You could be hit by a heavier tax burden than you may have anticipated if you are over 55 and making an ad-hoc withdrawal from your pension. In ordinary circumstances those taking withdrawals should be taxed at the appropriate marginal rate.
When taking the first withdrawal in a tax year HMRC has instructed pension providers to apply an emergency tax code known as "Month 1". Due to this code, the withdrawal is compared against only 1/12th of the tax allowance, leading to over-taxation. The payment is treated as if it is the first of 12 monthly payments, despite the fact that it could have been intended as a single lump sum.
A single £2,000 withdrawal could lead to being overtaxed by £200, with a withdrawal of £10,000 potentially attracting over-taxation of £3,000.
HMRC does refund this money, however, claims can take up to a year. Tom Selby of Sipp provider AJ Bell says that:
"Tens of thousands of people using the pension freedoms every month risk falling into this tax trap. On average, the level of over-taxation runs into thousands of pounds and for some it could be tens of thousands of pounds.
The problem is at its most acute at the beginning of the tax year as anyone who makes an ad-hoc withdrawal and doesn’t fill out the right form to claim the money back will have to wait until at least April 2019 to get their money back. Even then, you are relying on the efficiency of HMRC to put you back in the position you should have been in in the first place."
Approximately 140,000 retirees access their pension for the first time every quarter, with a large proportion being taxed at the emergency rate according to HMRC. However, only a small proportion of these new retirees are claiming the emergency tax back, as HMRC is only processing approximately 10,500 forms per quarter, which is a massive disparity. This suggests that pensioners are either unaware that they have been overtaxed or are expecting HMRC to remedy the situation.
Tom Selby of AJ Bell says:
‘Savers accessing their pensions for the first time using the freedoms understandably expect to receive the correct amount of money. Many will have specific plans for their withdrawal, such as to pay down debt or fund long-term care for an elderly relative. For people like this, getting thousands of pounds too little will present a serious financial challenge.
‘HMRC should, at the very least, consult on its approach to single pension freedoms withdrawals and review the risks it poses to savers.
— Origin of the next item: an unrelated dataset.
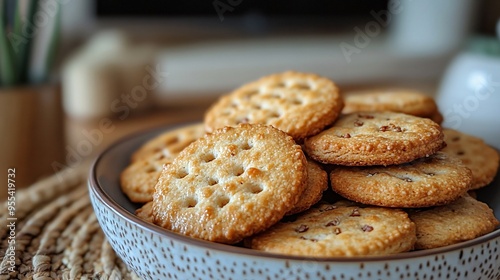 Round wheat crackers piled in a modern bowl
Allowing providers to apply a ‘Month 12’ tax code would be a more consumer-focused solution, with HMRC taking responsibility for recouping any underpaid tax.’
Contact Westminster Wealth Management today and one of our skilled advisers can construct a financial plan for you that will enable you to meet your financial goals.
The value of investments and income from them may go down as well as up and you may not get back the original amount invested.
A pension is a long-term investment. The fund value may fluctuate and can go down. Your eventual income may depend upon the size of the fund at retirement, future interest rates and tax legislation.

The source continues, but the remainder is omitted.